Don't let anyone tell you revolutionary history is boring.

While his comrades in the Twenty-Ninth Regiment were camping on the Boston Common or meeting their new neighbors, Private William Clark was spending his time with literature: his own. Two months after his arrival in Boston, Clark announced that his play, The Miser. Or The Soldier’s Humour. A Comedy of Three Acts, was available for purchase by subscription. The broadside announcing the subscription included a brief and nearly correct Latin tag: Non possunt placeto omnibus, “I can’t please everyone.” Presumably, Clark acquired enough subscriptions to publish his play, since the following February, the printer Ezekiel Russell advertised in all the Boston papers that he had just published The Miser and would sell it, with a blue paper cover, for eight pence. Sadly, no copies remain for us to read today. Russell may not have printed many. The short run was likely read until it fell apart and then, like many cheaply printed pamphlets, reused as toilet paper. Such a fate might have been particularly appealing to some Bostonians. In the winter of 1769, not many residents were likely eager to read about “the soldier’s humour.”

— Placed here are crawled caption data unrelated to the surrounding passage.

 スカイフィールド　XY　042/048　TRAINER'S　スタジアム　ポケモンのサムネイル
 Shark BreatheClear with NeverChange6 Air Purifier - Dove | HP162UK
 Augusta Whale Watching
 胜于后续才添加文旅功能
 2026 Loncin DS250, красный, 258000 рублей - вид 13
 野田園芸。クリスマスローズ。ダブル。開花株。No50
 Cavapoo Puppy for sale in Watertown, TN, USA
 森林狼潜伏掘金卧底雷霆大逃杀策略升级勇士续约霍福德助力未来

Private William Clark seemed to have a flair for drama off the page as well. In May 1769, he had a shouting match with the Boston watch. When stopped on the street, he threatened to burn down the town workhouse and all of Boston with it. As the watchman arrested him and brought him to the local lockup, Clark swore he’d have his revenge on the entire town.

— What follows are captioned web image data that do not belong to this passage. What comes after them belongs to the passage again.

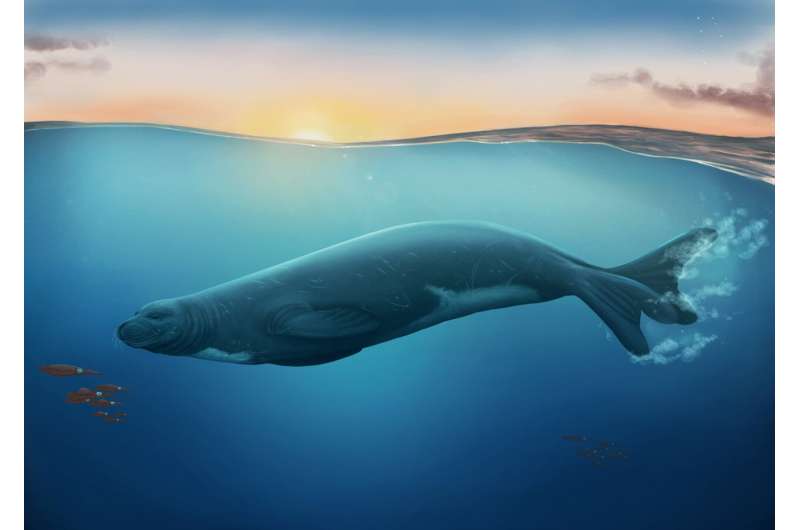 New fossil seal species rewrites history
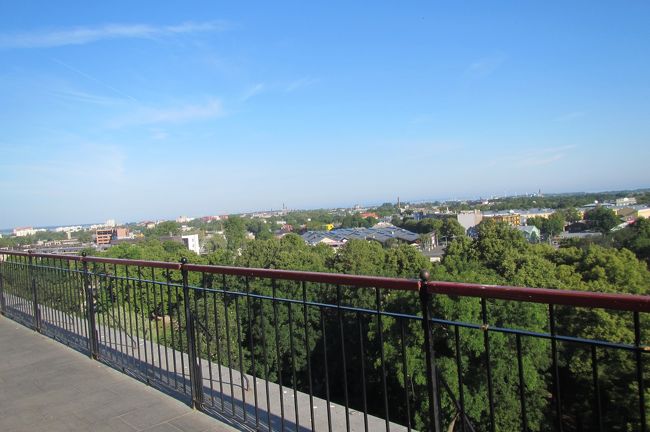 旧市街と反対方向を見るとほぼ木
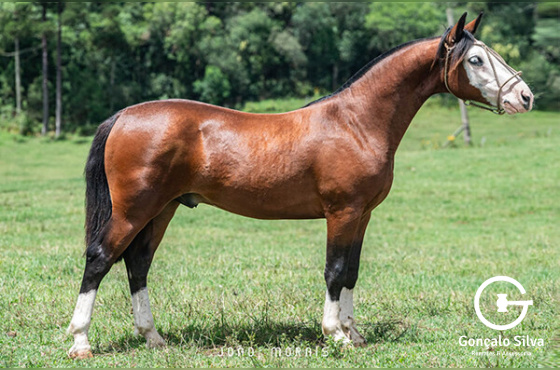 VINHO TINTO DA CASA VELHA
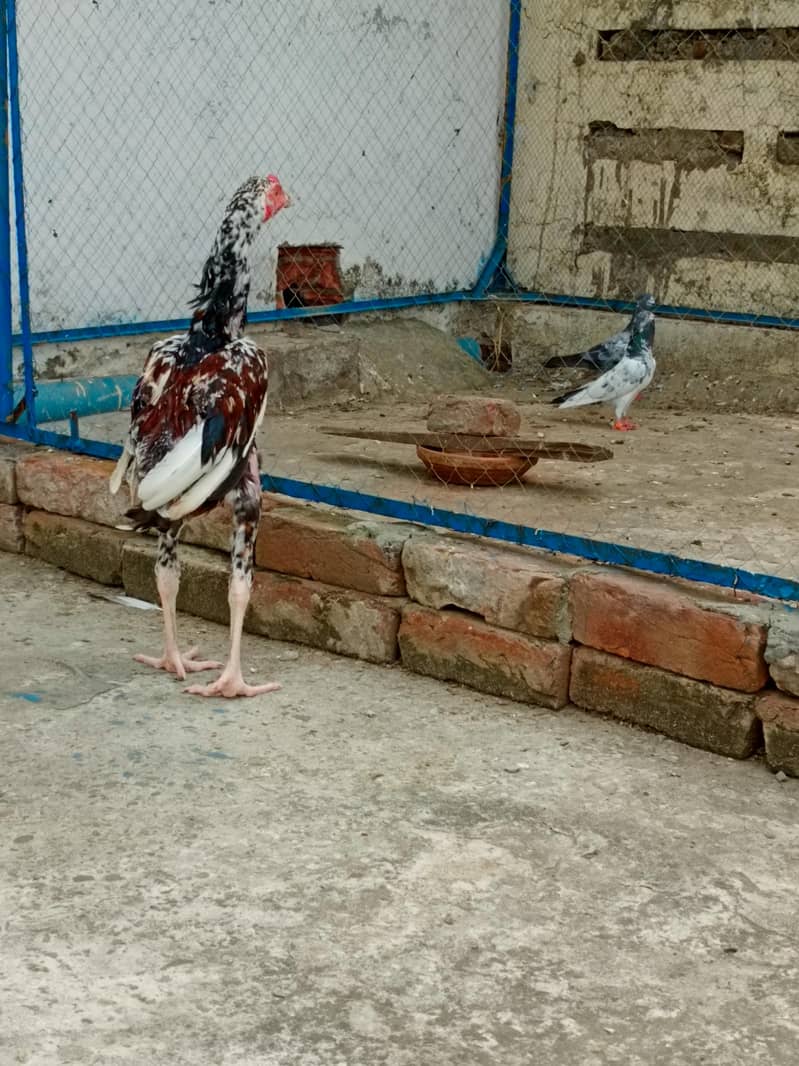 2 aseel pair 2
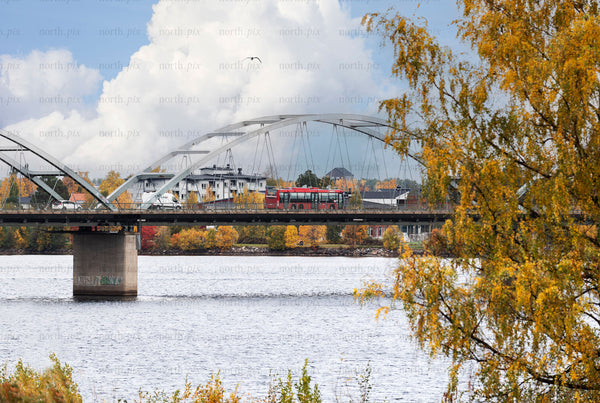 Bridge with red bus over river in autumn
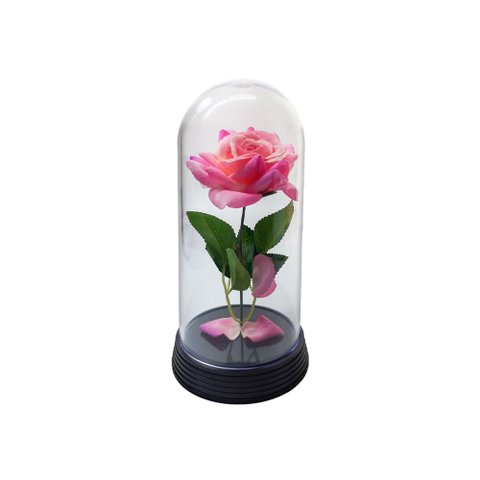 Redoma a Rosa Encantada o Girassol Encantado 19 Cm de Altura - Rosa Rosa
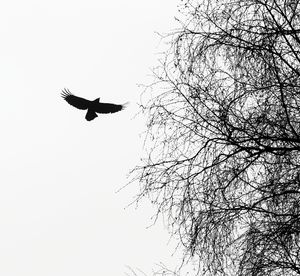 Low angle view of silhouette bird flying against clear sky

It took Clark only a month to stage an even more melodramatic scene with Boston locals. One June day in 1769, 75-year-old Joseph Lasenby was shocked, upon entering his married daughter’s house, to find Clark in bed with his 20-year-old granddaughter, Mary Nowell. The elderly Son of Liberty ordered Clark out of the house, but the insouciant soldier declined to leave. He had every right to sleep with Mary, Clark asserted. After all, she was his wife, he told the astonished old man, and he was going nowhere without her.

Clark may have been stretching the truth a bit. Mary said they had been married one evening “by a person who was drest as a priest.” In fact, they were not married until four months after being caught in flagranteBut married they were, much to the distress of Mary’s parents. So devastated were they, the Boston Evening-Post claimed, that the news of the affair “much impaired their health.” Two weeks after the marriage, Mary’s father had a showdown with his new son-in-law. Clark shoved a loaded pistol into Joseph Nowell’s chest, Joseph pressed charges, and after many adjournments, in April 1770 Clark found himself in jail until he could pay a 40-shilling fine.